In some districts, up to 70% of their advances are to the agricultural sector. If those loans go sour, the entire institution wobbles.

Add to that weak governance structures, limited professional oversight, and over-reliance on PACS, and you’ve got a recipe for recurring financial instability.

“Politicians treat these banks as tools for rural appeasement,” said a former NABARD official. “But they forget that banks need capital, compliance, and collections to survive—not just political goodwill.”

The Numbers Don’t Lie

Here’s how the NPA numbers stack up, based on SLBC data:

Bank Type Dec 2024 Agri NPA Mar 2025 Agri NPA % Change
Co-operative Banks ₹7,739 crore ₹8,214 crore +6.14%
PSU Banks ₹18,940 crore ₹18,764 crore -0.93%
Total Maharashtra ₹31,059 crore ₹31,253 crore +0.63%

That 6% rise in just three months for co-ops is not just a blip.
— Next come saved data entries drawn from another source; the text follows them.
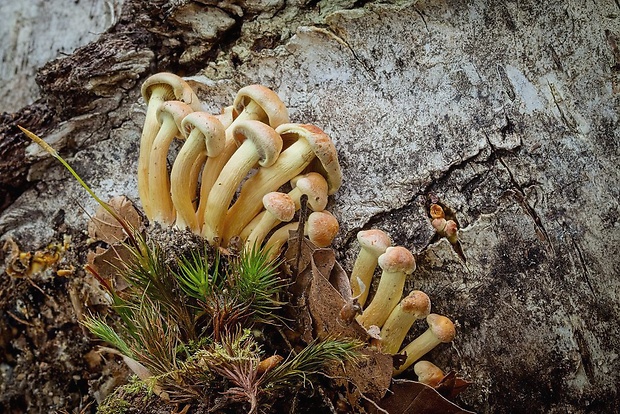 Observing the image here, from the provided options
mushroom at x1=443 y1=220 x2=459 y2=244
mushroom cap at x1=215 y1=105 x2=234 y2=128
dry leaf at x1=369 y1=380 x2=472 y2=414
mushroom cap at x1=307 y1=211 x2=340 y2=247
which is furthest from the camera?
mushroom cap at x1=215 y1=105 x2=234 y2=128

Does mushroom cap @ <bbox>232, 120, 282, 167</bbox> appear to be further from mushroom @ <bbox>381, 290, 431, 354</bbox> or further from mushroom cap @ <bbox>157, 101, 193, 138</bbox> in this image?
mushroom @ <bbox>381, 290, 431, 354</bbox>

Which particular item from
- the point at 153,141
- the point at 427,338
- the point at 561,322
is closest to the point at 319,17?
the point at 153,141

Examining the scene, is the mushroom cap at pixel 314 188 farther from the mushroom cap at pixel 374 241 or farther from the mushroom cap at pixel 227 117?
the mushroom cap at pixel 227 117

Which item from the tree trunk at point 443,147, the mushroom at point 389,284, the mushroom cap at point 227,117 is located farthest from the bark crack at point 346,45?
the mushroom at point 389,284

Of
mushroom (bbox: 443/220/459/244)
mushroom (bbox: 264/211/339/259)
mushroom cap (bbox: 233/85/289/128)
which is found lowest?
mushroom (bbox: 264/211/339/259)

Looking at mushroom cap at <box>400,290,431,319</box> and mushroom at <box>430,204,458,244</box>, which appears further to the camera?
mushroom at <box>430,204,458,244</box>

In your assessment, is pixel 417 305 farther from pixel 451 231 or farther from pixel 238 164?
pixel 238 164

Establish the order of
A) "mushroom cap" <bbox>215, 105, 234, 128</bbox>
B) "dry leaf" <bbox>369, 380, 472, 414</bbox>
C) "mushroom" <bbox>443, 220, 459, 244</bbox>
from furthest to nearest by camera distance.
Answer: "mushroom cap" <bbox>215, 105, 234, 128</bbox> → "mushroom" <bbox>443, 220, 459, 244</bbox> → "dry leaf" <bbox>369, 380, 472, 414</bbox>

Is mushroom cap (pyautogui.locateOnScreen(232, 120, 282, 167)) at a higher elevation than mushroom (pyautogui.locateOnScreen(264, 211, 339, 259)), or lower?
higher

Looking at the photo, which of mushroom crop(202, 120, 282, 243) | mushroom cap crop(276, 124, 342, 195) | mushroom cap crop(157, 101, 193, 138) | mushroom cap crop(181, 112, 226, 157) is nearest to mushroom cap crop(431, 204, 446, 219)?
mushroom cap crop(276, 124, 342, 195) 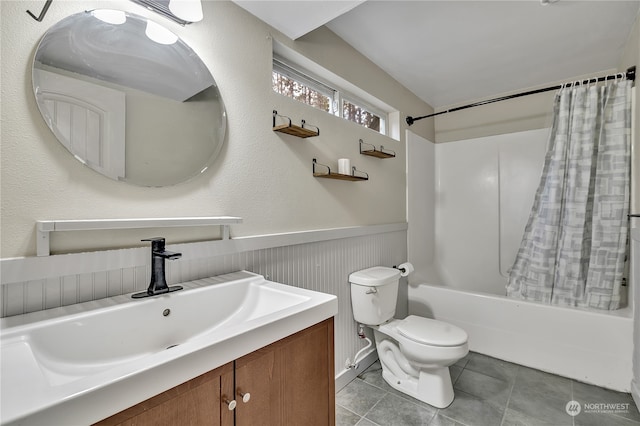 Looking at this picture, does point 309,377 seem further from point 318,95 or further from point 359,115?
point 359,115

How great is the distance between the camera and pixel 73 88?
93cm

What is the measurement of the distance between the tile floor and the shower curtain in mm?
578

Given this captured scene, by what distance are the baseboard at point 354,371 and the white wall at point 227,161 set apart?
38.9 inches

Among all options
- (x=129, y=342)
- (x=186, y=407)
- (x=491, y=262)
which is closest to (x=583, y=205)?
(x=491, y=262)

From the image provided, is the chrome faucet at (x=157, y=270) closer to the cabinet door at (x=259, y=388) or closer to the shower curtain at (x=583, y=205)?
the cabinet door at (x=259, y=388)

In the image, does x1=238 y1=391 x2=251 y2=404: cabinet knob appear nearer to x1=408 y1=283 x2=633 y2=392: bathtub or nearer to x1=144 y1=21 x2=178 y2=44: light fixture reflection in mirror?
x1=144 y1=21 x2=178 y2=44: light fixture reflection in mirror

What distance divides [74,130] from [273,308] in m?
0.89

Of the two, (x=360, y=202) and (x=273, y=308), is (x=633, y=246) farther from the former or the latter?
(x=273, y=308)

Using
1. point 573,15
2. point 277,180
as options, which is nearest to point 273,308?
point 277,180

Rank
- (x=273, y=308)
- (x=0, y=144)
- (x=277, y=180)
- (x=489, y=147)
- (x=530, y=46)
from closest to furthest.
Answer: (x=0, y=144)
(x=273, y=308)
(x=277, y=180)
(x=530, y=46)
(x=489, y=147)

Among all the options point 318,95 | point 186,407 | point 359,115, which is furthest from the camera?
point 359,115

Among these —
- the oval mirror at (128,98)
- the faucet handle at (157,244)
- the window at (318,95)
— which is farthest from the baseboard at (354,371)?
the window at (318,95)

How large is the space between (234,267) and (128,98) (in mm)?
789

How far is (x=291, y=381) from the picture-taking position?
0.90 m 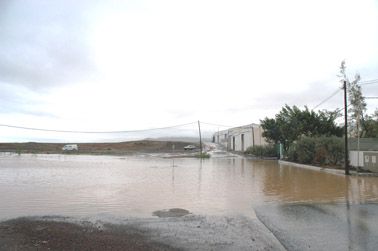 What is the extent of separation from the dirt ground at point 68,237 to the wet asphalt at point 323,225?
9.59 feet

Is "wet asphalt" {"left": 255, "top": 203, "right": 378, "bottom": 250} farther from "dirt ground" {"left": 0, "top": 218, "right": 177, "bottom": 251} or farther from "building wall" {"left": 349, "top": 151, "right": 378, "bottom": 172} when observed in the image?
"building wall" {"left": 349, "top": 151, "right": 378, "bottom": 172}

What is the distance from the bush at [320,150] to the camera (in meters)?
33.3

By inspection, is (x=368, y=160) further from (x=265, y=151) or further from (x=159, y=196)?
(x=265, y=151)

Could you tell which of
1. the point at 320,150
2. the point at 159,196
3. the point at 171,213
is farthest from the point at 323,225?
the point at 320,150

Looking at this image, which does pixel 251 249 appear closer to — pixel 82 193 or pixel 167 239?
pixel 167 239

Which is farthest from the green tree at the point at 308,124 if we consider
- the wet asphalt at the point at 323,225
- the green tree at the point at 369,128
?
the wet asphalt at the point at 323,225

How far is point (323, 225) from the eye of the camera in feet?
32.1

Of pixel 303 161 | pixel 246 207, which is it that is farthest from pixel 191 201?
pixel 303 161

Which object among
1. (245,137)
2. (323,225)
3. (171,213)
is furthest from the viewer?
(245,137)

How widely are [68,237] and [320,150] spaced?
98.2 ft

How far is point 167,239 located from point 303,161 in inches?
1257

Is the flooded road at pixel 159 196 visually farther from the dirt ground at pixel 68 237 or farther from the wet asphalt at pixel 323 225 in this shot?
the dirt ground at pixel 68 237

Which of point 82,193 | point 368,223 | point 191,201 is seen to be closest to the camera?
point 368,223

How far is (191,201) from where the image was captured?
1473cm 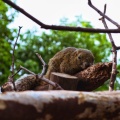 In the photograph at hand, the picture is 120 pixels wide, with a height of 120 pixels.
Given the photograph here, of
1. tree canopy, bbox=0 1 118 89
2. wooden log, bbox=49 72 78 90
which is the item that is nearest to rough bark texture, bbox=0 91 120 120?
wooden log, bbox=49 72 78 90

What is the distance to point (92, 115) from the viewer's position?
106 centimetres

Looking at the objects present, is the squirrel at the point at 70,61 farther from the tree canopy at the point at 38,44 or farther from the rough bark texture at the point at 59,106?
the tree canopy at the point at 38,44

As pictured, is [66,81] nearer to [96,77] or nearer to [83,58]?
[96,77]

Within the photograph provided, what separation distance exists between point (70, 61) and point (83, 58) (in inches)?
6.5

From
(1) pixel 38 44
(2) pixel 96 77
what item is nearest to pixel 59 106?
(2) pixel 96 77

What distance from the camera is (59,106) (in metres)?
0.98

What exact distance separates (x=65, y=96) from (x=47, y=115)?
2.8 inches

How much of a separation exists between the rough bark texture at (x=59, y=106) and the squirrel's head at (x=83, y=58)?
7.31 ft

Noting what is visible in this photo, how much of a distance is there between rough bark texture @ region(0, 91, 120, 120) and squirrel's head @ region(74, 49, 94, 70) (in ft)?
7.31

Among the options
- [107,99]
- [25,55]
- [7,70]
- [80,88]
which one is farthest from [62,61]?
[25,55]

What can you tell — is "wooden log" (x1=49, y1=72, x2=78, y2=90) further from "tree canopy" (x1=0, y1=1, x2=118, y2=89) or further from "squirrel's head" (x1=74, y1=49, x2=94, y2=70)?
"tree canopy" (x1=0, y1=1, x2=118, y2=89)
It’s a warning signal.

What’s the Way Forward?

The RBI, coincidentally, is already pushing new regulatory reforms for cooperative banks—many of which now seem urgent.

Its recently released draft norms propose tougher compliance, tighter capital rules, mandatory Core Banking Solutions, and more professional boards. But those changes are structural and long-term.

The immediate crisis, however, is political.

Unless parties stop dangling loan waivers as campaign candy, bankers say the financial health of the cooperative sector will keep swinging with the election cycle.

For now, the state government hasn’t announced any official waiver. But the mere expectation has already done the damage.

And in banking, perception often becomes reality.